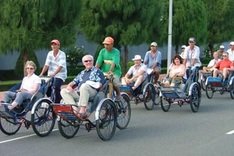 Vietnamese travel firms working for foreigners on home market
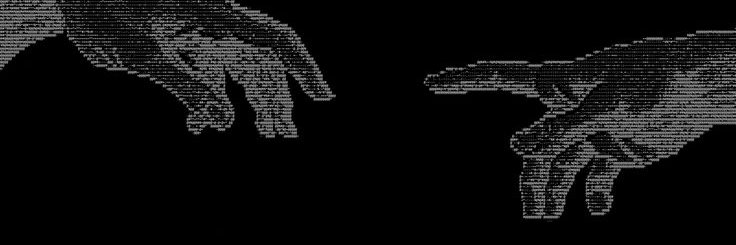 bashifeder's profile banner image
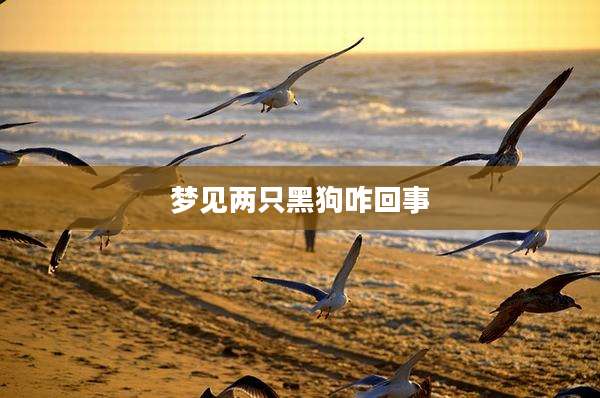 梦见两只黑狗咋回事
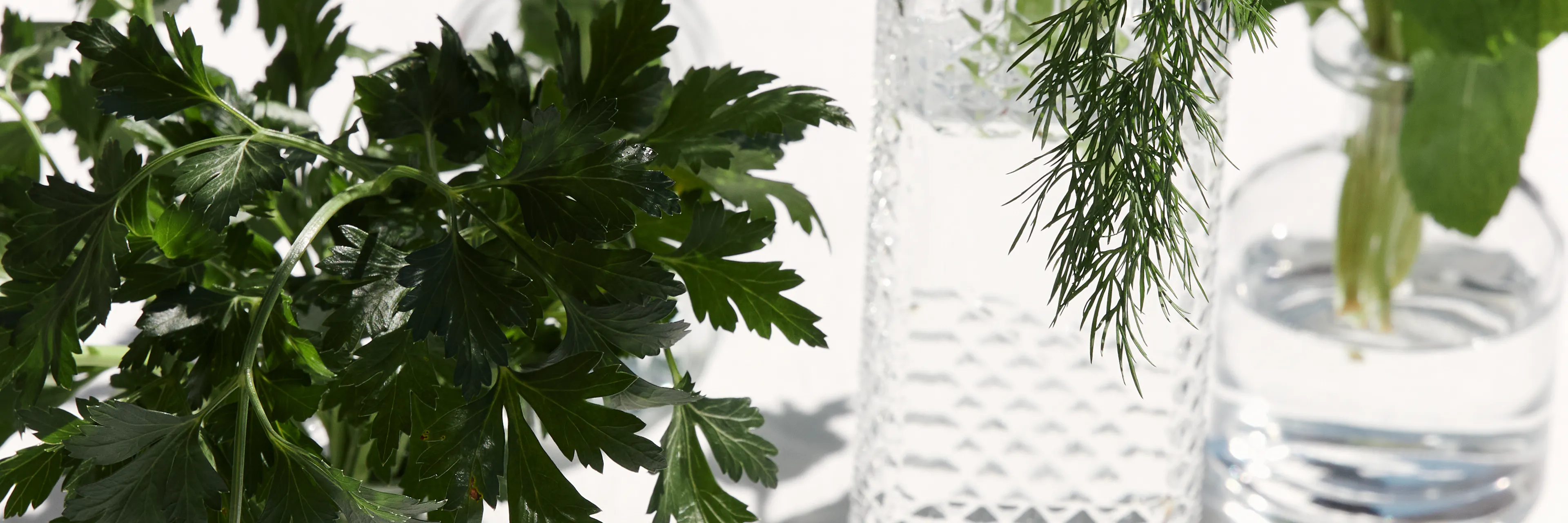 Storing fresh herbs in jars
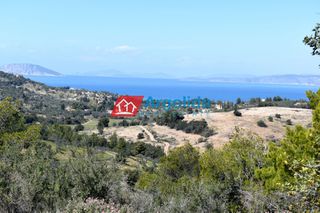 Αγροτεμάχια 21.000 τ.μ. για πώληση, Αργολίδα, Κρανίδι-thumb-11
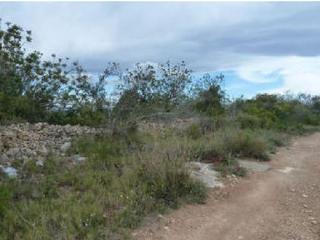 Rural plot  Cl sur nº 10 parce. Solvia inmobiliaria  suelo otros altafulla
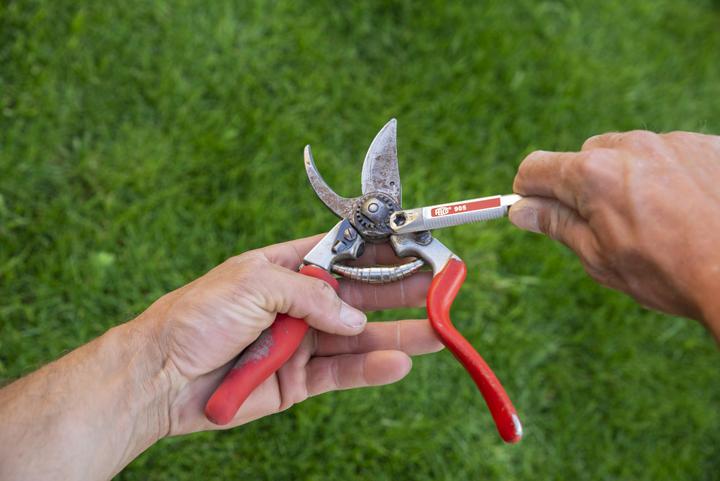 Actual product image Felco 905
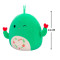 М'яка іграшка Squishmallows – Друзі Кактуси (2 шт, 19 cm)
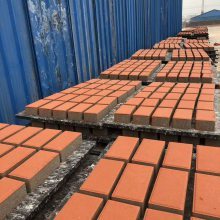 扬州城市政工程中的铺地艺术 荷兰砖、水泥砖与渗水砖的应用与展望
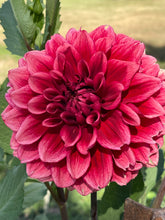 Load image into Gallery viewer, Bloomquist York
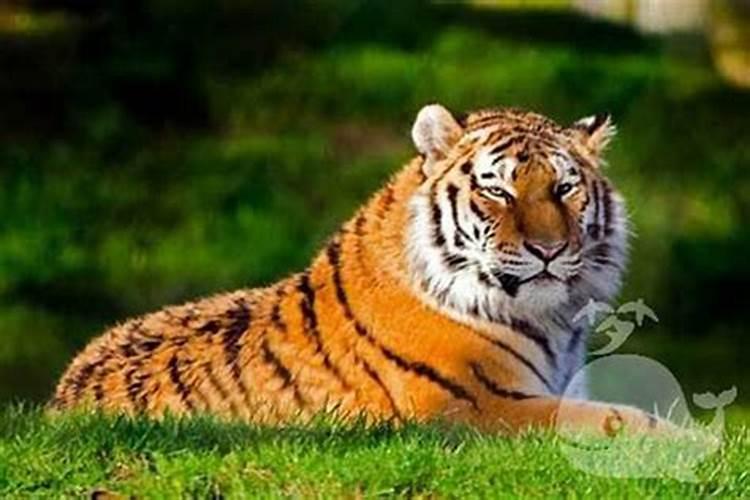 梦见老虎是什么意思有什么预兆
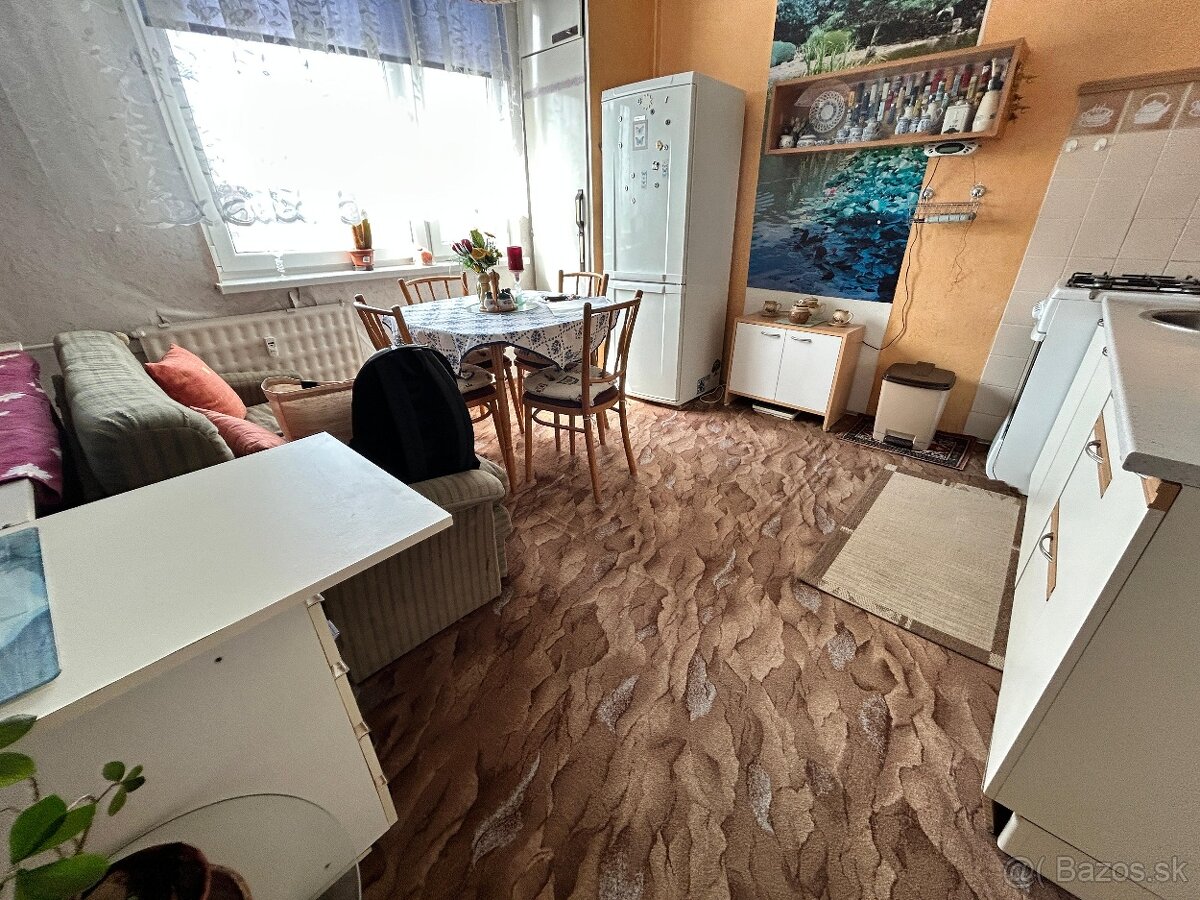 Ponúkam Vám na predaj 1 izbový byt pri Sanate v Leviciach.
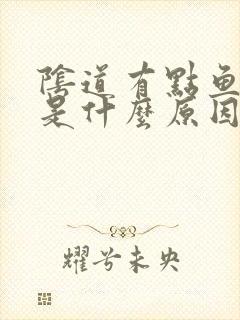 阴道有点鱼腥味是什么原因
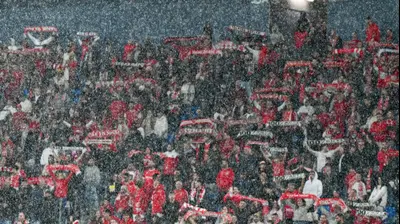 אוהדי הפועל תל אביב. ברני ארדוב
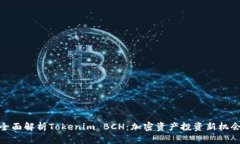 全面解析Tokenim BCH：加密资产投资新机会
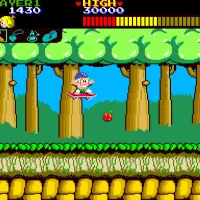 Wonder Boy Collection #24059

○ ○ ○ ○ ○ ○ ○

TASK GOAL:
The lines to repeat run from the line containing "阴道有点鱼腥味是什么原因" through the last line of the material above; give them exactly, without the pictures.

SOLUTION TO THIS PROBLEM:
 阴道有点鱼腥味是什么原因
 אוהדי הפועל תל אביב. ברני ארדוב
 全面解析Tokenim BCH：加密资产投资新机会
 Wonder Boy Collection #24059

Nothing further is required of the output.